= WHAT IS BEING ASKED =
The data below contains pictures, which are to be skipped; the lines starting at the line with "WB Fiber Can" and ending at the line with "Gray 2023 Hyundai SANTA FE SEL" are to be output exactly, both ends included.

= DATA FOR REVIEW =
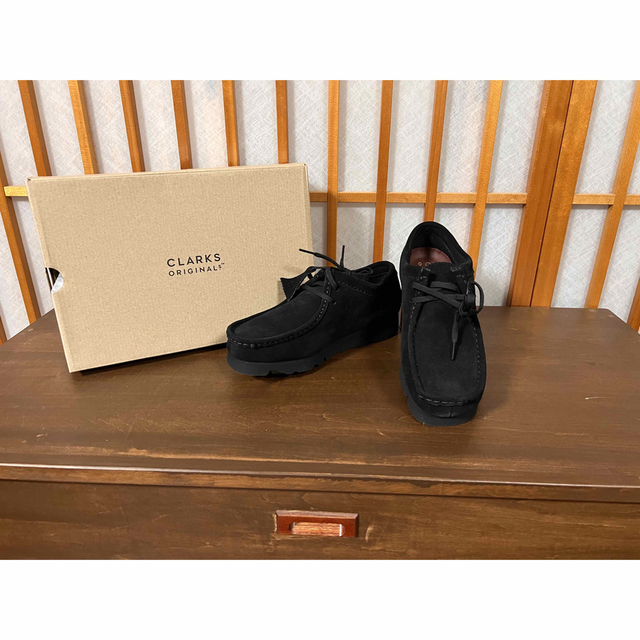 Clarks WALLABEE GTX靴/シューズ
---
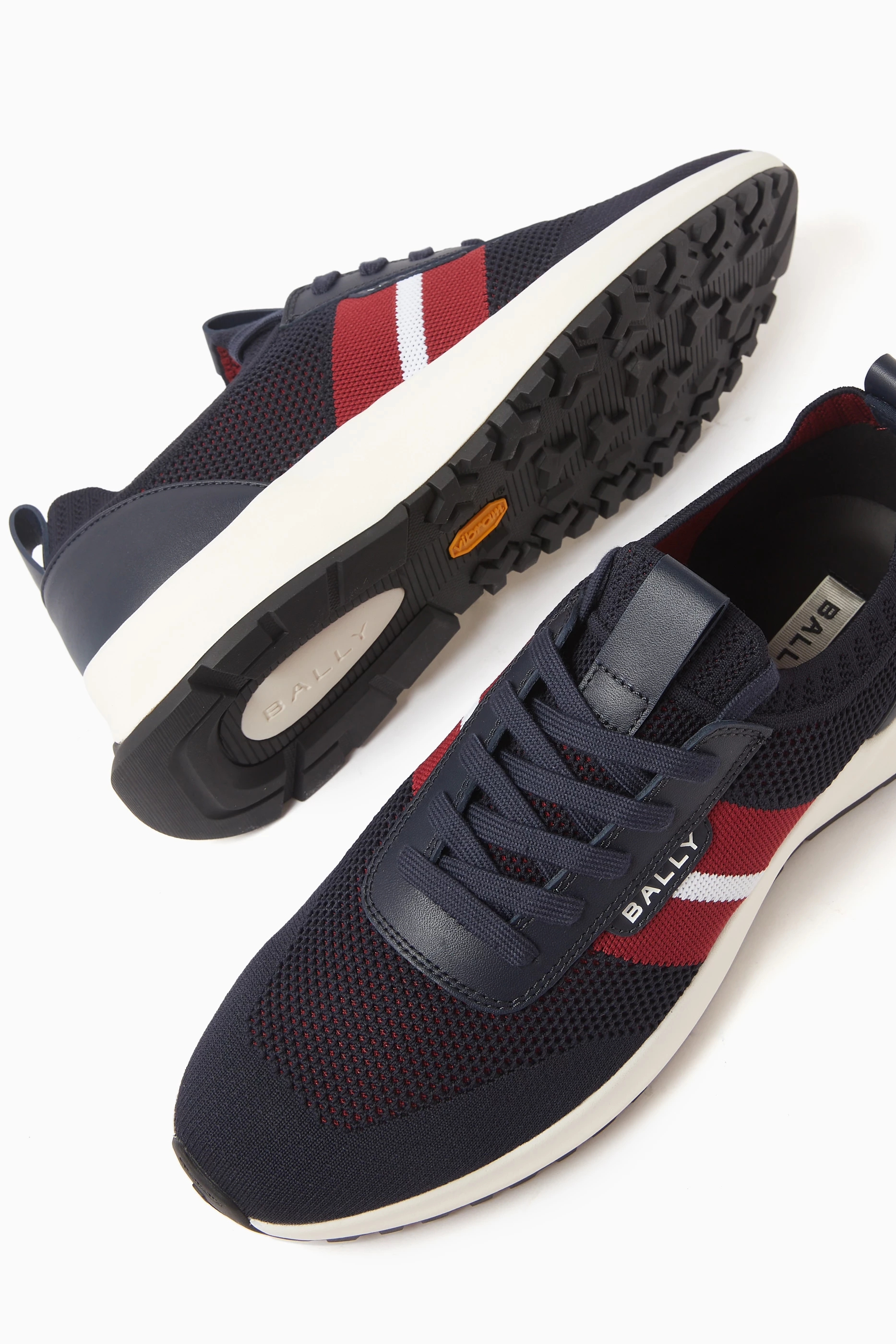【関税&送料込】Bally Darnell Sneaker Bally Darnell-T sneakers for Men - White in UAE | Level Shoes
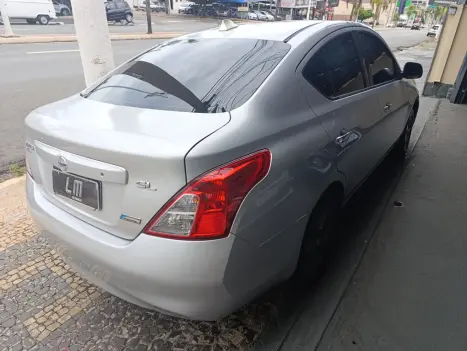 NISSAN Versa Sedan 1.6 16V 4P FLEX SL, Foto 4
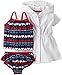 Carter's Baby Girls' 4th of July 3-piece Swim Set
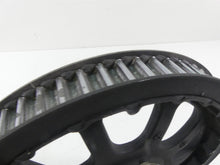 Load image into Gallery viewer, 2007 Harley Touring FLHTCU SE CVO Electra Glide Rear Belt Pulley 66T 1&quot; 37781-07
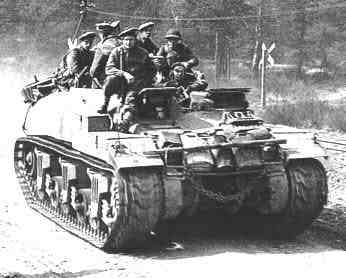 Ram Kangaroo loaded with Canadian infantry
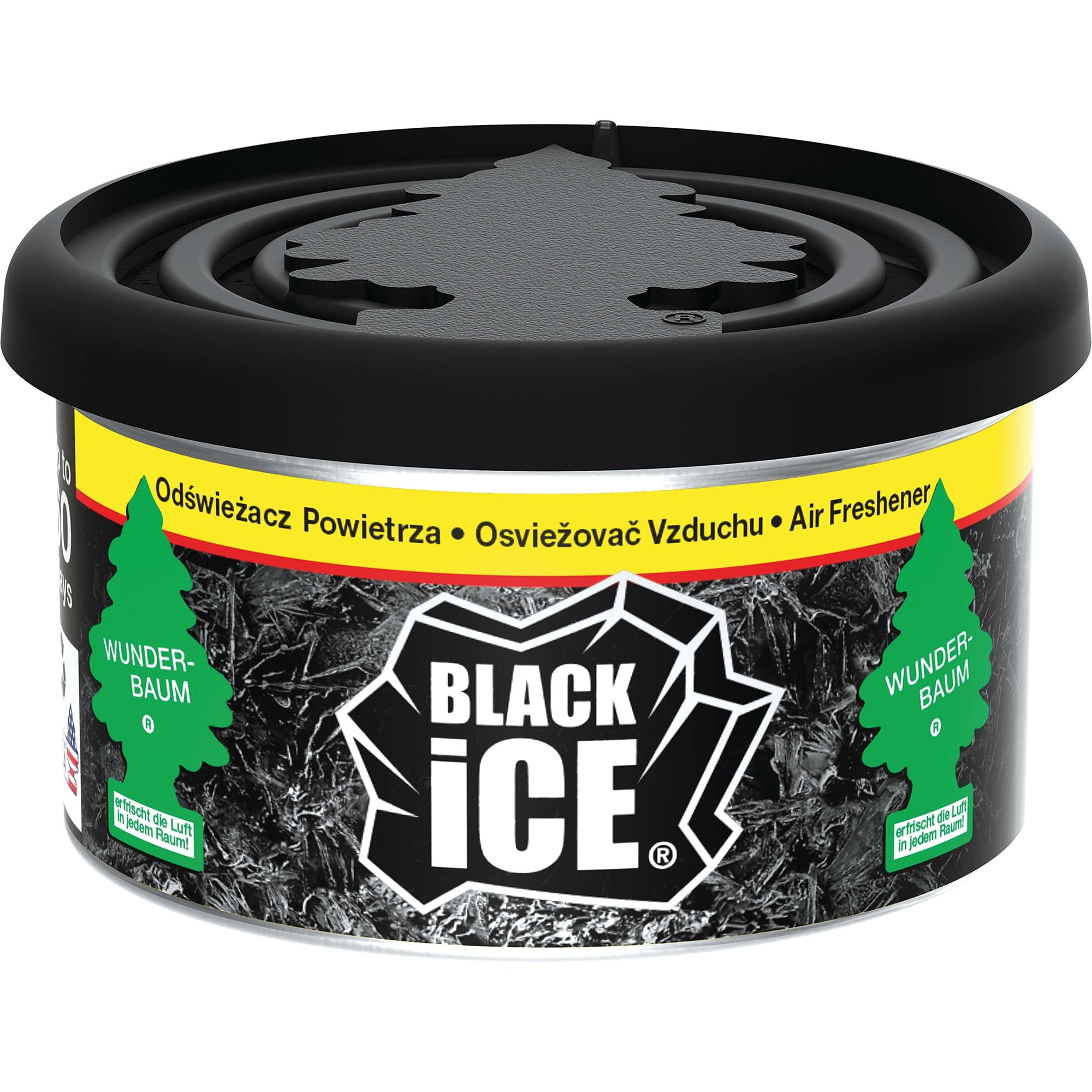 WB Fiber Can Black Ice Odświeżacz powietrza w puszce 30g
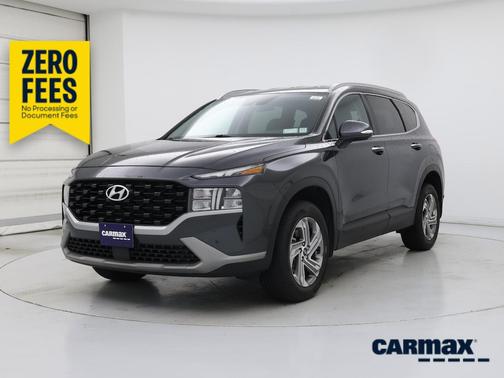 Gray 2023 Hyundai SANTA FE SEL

= COMPLETED TASK =
 WB Fiber Can Black Ice Odświeżacz powietrza w puszce 30g
 Gray 2023 Hyundai SANTA FE SEL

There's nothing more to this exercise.